[Data items]
--- START ---
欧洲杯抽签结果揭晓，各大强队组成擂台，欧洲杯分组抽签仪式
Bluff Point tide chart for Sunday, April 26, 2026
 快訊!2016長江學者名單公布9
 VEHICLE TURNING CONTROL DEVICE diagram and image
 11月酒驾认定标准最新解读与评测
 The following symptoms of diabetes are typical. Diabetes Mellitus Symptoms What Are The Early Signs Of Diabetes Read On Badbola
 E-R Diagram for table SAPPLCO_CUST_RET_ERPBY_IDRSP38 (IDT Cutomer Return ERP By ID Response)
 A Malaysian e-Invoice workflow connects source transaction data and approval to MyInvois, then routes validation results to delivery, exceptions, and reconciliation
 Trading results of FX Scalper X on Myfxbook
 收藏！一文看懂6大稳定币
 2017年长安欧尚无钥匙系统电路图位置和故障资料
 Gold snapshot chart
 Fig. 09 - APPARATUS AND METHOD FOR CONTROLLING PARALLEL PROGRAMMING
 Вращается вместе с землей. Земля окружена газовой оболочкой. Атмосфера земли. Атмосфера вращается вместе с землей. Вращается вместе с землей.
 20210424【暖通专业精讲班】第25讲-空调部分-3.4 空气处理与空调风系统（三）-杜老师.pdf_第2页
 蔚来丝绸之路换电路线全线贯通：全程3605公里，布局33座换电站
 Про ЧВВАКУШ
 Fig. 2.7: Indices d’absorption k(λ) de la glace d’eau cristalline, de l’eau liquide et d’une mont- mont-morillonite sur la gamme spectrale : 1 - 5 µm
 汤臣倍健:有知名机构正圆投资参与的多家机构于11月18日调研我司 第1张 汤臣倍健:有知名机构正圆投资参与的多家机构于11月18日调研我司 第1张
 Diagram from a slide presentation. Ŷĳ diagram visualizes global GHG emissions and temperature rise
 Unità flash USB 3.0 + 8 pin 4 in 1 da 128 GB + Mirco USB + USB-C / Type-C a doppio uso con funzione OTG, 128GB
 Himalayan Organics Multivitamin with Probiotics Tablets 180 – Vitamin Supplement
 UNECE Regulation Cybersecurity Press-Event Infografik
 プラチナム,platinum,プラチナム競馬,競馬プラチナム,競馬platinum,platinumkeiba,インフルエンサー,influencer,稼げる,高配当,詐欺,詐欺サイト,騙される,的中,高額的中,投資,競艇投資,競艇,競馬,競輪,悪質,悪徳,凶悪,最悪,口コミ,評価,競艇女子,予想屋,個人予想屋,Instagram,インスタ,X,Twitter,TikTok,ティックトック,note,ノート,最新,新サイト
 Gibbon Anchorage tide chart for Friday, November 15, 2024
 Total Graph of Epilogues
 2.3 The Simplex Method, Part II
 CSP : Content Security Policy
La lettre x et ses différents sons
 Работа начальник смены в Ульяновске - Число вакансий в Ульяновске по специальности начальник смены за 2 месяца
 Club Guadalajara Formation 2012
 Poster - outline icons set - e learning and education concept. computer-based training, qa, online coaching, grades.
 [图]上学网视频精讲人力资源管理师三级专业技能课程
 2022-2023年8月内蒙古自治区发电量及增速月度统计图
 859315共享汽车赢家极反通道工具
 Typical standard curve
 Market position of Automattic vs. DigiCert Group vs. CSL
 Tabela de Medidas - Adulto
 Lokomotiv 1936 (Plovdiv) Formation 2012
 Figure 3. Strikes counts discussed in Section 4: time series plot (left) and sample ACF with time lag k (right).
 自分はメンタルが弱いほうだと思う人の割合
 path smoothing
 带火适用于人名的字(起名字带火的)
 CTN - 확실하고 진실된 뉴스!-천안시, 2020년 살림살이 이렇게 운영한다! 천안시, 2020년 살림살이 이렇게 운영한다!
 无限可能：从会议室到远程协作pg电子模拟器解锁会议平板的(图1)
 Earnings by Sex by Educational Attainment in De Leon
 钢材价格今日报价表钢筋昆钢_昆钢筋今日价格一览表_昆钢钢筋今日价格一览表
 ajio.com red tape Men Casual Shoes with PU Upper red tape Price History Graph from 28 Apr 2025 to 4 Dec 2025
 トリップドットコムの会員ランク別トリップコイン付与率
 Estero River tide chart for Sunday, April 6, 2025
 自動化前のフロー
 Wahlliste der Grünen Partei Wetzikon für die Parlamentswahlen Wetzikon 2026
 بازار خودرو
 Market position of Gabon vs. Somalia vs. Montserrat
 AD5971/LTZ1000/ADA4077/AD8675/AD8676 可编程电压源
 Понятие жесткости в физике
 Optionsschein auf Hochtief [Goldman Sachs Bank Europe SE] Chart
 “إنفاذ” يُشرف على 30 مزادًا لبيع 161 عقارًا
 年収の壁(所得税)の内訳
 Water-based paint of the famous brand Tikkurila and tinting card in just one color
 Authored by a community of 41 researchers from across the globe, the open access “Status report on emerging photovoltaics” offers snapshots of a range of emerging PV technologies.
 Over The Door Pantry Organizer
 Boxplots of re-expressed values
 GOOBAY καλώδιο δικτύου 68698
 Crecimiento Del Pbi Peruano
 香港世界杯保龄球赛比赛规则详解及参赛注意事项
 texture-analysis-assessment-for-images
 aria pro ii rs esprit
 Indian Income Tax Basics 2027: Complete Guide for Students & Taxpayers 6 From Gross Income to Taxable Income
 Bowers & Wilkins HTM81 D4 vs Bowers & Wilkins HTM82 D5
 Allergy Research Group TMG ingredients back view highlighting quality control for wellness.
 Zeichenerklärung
--- END ---
A full, exact copy of the entries is the required answer.

欧洲杯抽签结果揭晓，各大强队组成擂台，欧洲杯分组抽签仪式
Bluff Point tide chart for Sunday, April 26, 2026
 快訊!2016長江學者名單公布9
 VEHICLE TURNING CONTROL DEVICE diagram and image
 11月酒驾认定标准最新解读与评测
 The following symptoms of diabetes are typical. Diabetes Mellitus Symptoms What Are The Early Signs Of Diabetes Read On Badbola
 E-R Diagram for table SAPPLCO_CUST_RET_ERPBY_IDRSP38 (IDT Cutomer Return ERP By ID Response)
 A Malaysian e-Invoice workflow connects source transaction data and approval to MyInvois, then routes validation results to delivery, exceptions, and reconciliation
 Trading results of FX Scalper X on Myfxbook
 收藏！一文看懂6大稳定币
 2017年长安欧尚无钥匙系统电路图位置和故障资料
 Gold snapshot chart
 Fig. 09 - APPARATUS AND METHOD FOR CONTROLLING PARALLEL PROGRAMMING
 Вращается вместе с землей. Земля окружена газовой оболочкой. Атмосфера земли. Атмосфера вращается вместе с землей. Вращается вместе с землей.
 20210424【暖通专业精讲班】第25讲-空调部分-3.4 空气处理与空调风系统（三）-杜老师.pdf_第2页
 蔚来丝绸之路换电路线全线贯通：全程3605公里，布局33座换电站
 Про ЧВВАКУШ
 Fig. 2.7: Indices d’absorption k(λ) de la glace d’eau cristalline, de l’eau liquide et d’une mont- mont-morillonite sur la gamme spectrale : 1 - 5 µm
 汤臣倍健:有知名机构正圆投资参与的多家机构于11月18日调研我司 第1张 汤臣倍健:有知名机构正圆投资参与的多家机构于11月18日调研我司 第1张
 Diagram from a slide presentation. Ŷĳ diagram visualizes global GHG emissions and temperature rise
 Unità flash USB 3.0 + 8 pin 4 in 1 da 128 GB + Mirco USB + USB-C / Type-C a doppio uso con funzione OTG, 128GB
 Himalayan Organics Multivitamin with Probiotics Tablets 180 – Vitamin Supplement
 UNECE Regulation Cybersecurity Press-Event Infografik
 プラチナム,platinum,プラチナム競馬,競馬プラチナム,競馬platinum,platinumkeiba,インフルエンサー,influencer,稼げる,高配当,詐欺,詐欺サイト,騙される,的中,高額的中,投資,競艇投資,競艇,競馬,競輪,悪質,悪徳,凶悪,最悪,口コミ,評価,競艇女子,予想屋,個人予想屋,Instagram,インスタ,X,Twitter,TikTok,ティックトック,note,ノート,最新,新サイト
 Gibbon Anchorage tide chart for Friday, November 15, 2024
 Total Graph of Epilogues
 2.3 The Simplex Method, Part II
 CSP : Content Security Policy
La lettre x et ses différents sons
 Работа начальник смены в Ульяновске - Число вакансий в Ульяновске по специальности начальник смены за 2 месяца
 Club Guadalajara Formation 2012
 Poster - outline icons set - e learning and education concept. computer-based training, qa, online coaching, grades.
 [图]上学网视频精讲人力资源管理师三级专业技能课程
 2022-2023年8月内蒙古自治区发电量及增速月度统计图
 859315共享汽车赢家极反通道工具
 Typical standard curve
 Market position of Automattic vs. DigiCert Group vs. CSL
 Tabela de Medidas - Adulto
 Lokomotiv 1936 (Plovdiv) Formation 2012
 Figure 3. Strikes counts discussed in Section 4: time series plot (left) and sample ACF with time lag k (right).
 自分はメンタルが弱いほうだと思う人の割合
 path smoothing
 带火适用于人名的字(起名字带火的)
 CTN - 확실하고 진실된 뉴스!-천안시, 2020년 살림살이 이렇게 운영한다! 천안시, 2020년 살림살이 이렇게 운영한다!
 无限可能：从会议室到远程协作pg电子模拟器解锁会议平板的(图1)
 Earnings by Sex by Educational Attainment in De Leon
 钢材价格今日报价表钢筋昆钢_昆钢筋今日价格一览表_昆钢钢筋今日价格一览表
 ajio.com red tape Men Casual Shoes with PU Upper red tape Price History Graph from 28 Apr 2025 to 4 Dec 2025
 トリップドットコムの会員ランク別トリップコイン付与率
 Estero River tide chart for Sunday, April 6, 2025
 自動化前のフロー
 Wahlliste der Grünen Partei Wetzikon für die Parlamentswahlen Wetzikon 2026
 بازار خودرو
 Market position of Gabon vs. Somalia vs. Montserrat
 AD5971/LTZ1000/ADA4077/AD8675/AD8676 可编程电压源
 Понятие жесткости в физике
 Optionsschein auf Hochtief [Goldman Sachs Bank Europe SE] Chart
 “إنفاذ” يُشرف على 30 مزادًا لبيع 161 عقارًا
 年収の壁(所得税)の内訳
 Water-based paint of the famous brand Tikkurila and tinting card in just one color
 Authored by a community of 41 researchers from across the globe, the open access “Status report on emerging photovoltaics” offers snapshots of a range of emerging PV technologies.
 Over The Door Pantry Organizer
 Boxplots of re-expressed values
 GOOBAY καλώδιο δικτύου 68698
 Crecimiento Del Pbi Peruano
 香港世界杯保龄球赛比赛规则详解及参赛注意事项
 texture-analysis-assessment-for-images
 aria pro ii rs esprit
 Indian Income Tax Basics 2027: Complete Guide for Students & Taxpayers 6 From Gross Income to Taxable Income
 Bowers & Wilkins HTM81 D4 vs Bowers & Wilkins HTM82 D5
 Allergy Research Group TMG ingredients back view highlighting quality control for wellness.
 Zeichenerklärung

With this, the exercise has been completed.